Fecha: 22 de Febrero de 2016

Tribunal: AP - Madrid

Ponente: REGALADO VALDES, MANUEL EDUARDO

Nº de sentencia: 86/2016

Núm. Cendoj: 28079370172016100071


Encabezamiento

Sección nº 17 de la Audiencia Provincial de Madrid

C/ de Santiago de Compostela, 96 , Planta 8 - 28035

Teléfono: 914934564,4443,4430

Fax: 914934563

IP 914934430

37051540

N.I.G.: 28.079.00.1-2015/0060032

AUDIENCIA PROVINCIAL DE MADRID

SECCION 17ª

ROLLO DE APELACION Nº RAA 1922/2015

PROCEDIMIENTO ABREVIADO 126/2013

JUZGADO DE LO PENAL Nº 2 GETAFE

MAGISTRADOS ILUSTRISIMOS SEÑORES:

Don José Luis Sánchez Trujillano

Don Manuel Eduardo Regalado Valdés

Dña. Luz Almeida Castro

La Sección Decimoséptima de la Ilustrísima Audiencia Provincial de Madrid, en la causa al margen de referencia, ha dictado,

EN NOMBRE DE SU MAJESTAD, EL REY

la siguiente

S E N T E N C I A Nº 86/2016

En Madrid, a veintitrés de febrero de dos mil dieciséis

La Sección Decimoséptima de la Ilustrísima Audiencia Provincial de Madrid, formada por los Ilustrísimos Señores Magistrados don José Luis Sánchez Trujillano, don Manuel Eduardo Regalado Valdés y doña Luz Almeida Castro ha visto el recurso de apelación interpuesto por la procuradora de los Tribunales María Angeles Lucendo González, en nombre y representación de Mariano contra la sentencia dictada con fecha 30 de septiembre de 2015 en procedimiento abreviado 126/2013 por el Juzgado de lo Penal 2 de los de Getafe ; intervino como parte apelada el Ministerio Fiscal y el Procurador José María Rico Maesso en nombre y representación de Prudencio .

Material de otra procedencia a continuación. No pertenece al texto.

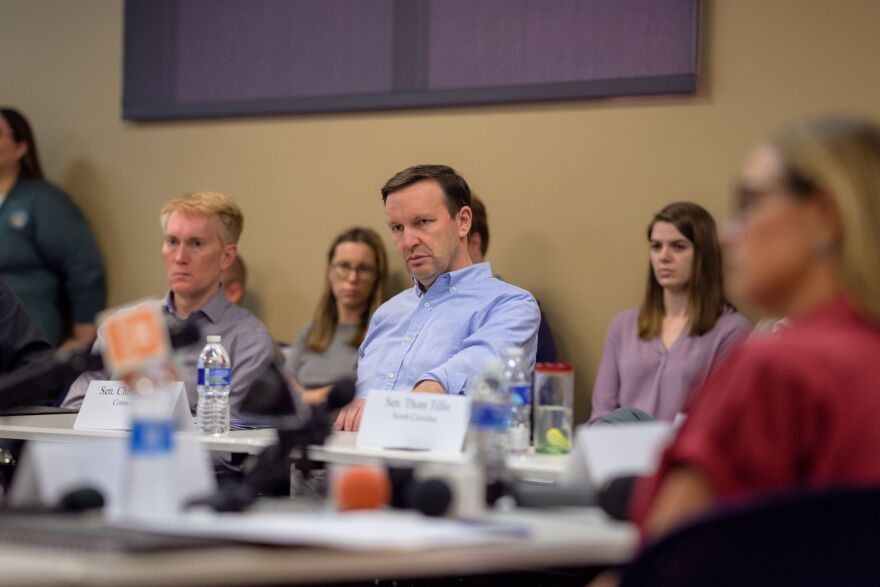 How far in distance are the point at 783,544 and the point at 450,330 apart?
8.04 ft

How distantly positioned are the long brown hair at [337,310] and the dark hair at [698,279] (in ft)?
3.75

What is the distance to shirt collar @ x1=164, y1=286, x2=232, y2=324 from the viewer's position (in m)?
4.05

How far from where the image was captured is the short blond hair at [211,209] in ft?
14.0

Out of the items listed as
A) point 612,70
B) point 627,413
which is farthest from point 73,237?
point 627,413

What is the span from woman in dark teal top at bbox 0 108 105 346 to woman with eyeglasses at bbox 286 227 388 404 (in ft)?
3.94

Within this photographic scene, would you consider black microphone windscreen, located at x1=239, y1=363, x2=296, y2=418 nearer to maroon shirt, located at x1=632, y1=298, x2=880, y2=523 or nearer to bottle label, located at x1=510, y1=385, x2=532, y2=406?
maroon shirt, located at x1=632, y1=298, x2=880, y2=523

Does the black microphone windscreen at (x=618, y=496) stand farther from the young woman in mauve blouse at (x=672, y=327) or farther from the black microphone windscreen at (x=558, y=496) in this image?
the young woman in mauve blouse at (x=672, y=327)

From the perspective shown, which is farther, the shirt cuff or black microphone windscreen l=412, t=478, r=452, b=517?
the shirt cuff

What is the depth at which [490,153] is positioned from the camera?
4.98 meters

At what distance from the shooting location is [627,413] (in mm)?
3031

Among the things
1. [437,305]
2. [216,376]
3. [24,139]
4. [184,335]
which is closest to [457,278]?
[437,305]

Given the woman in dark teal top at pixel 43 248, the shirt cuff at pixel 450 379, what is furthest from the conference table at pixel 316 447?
the woman in dark teal top at pixel 43 248

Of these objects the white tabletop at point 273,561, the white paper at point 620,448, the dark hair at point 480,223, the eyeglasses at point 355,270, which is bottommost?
the white tabletop at point 273,561

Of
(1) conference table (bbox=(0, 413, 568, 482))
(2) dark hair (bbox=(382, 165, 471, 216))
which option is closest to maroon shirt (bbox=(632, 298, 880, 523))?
(1) conference table (bbox=(0, 413, 568, 482)) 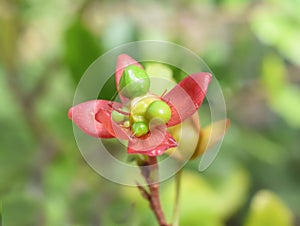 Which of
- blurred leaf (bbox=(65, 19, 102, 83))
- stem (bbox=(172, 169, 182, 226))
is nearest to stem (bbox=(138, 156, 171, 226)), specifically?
stem (bbox=(172, 169, 182, 226))

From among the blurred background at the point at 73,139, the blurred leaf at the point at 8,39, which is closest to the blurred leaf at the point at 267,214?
the blurred background at the point at 73,139

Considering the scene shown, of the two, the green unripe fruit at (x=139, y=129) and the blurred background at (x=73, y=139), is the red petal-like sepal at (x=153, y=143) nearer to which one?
the green unripe fruit at (x=139, y=129)

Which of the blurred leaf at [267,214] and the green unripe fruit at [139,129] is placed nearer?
the green unripe fruit at [139,129]

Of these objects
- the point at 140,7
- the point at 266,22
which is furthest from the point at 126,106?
the point at 140,7

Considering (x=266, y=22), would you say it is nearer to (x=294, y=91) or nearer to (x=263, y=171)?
(x=294, y=91)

Recibidas las actuaciones en esta Audiencia Provincial se formó el correspondiente rollo de apelación, no estimándose precisa la celebración de vista señalándose el día 22 de febrero de 2016 para deliberación, votación y resolución del presente recurso de apelación.

El Ilustrísimo Sr. Magistrado don Manuel Eduardo Regalado Valdés actúa como Ponente y expresa el parecer del Tribunal.

Antecedentes

PRIMERO.- Con fecha 30 de septiembre de 2015, se dictó sentencia en procedimiento abreviado 126/2013, del Juzgado de lo Penal nº 2 de los de Getafe .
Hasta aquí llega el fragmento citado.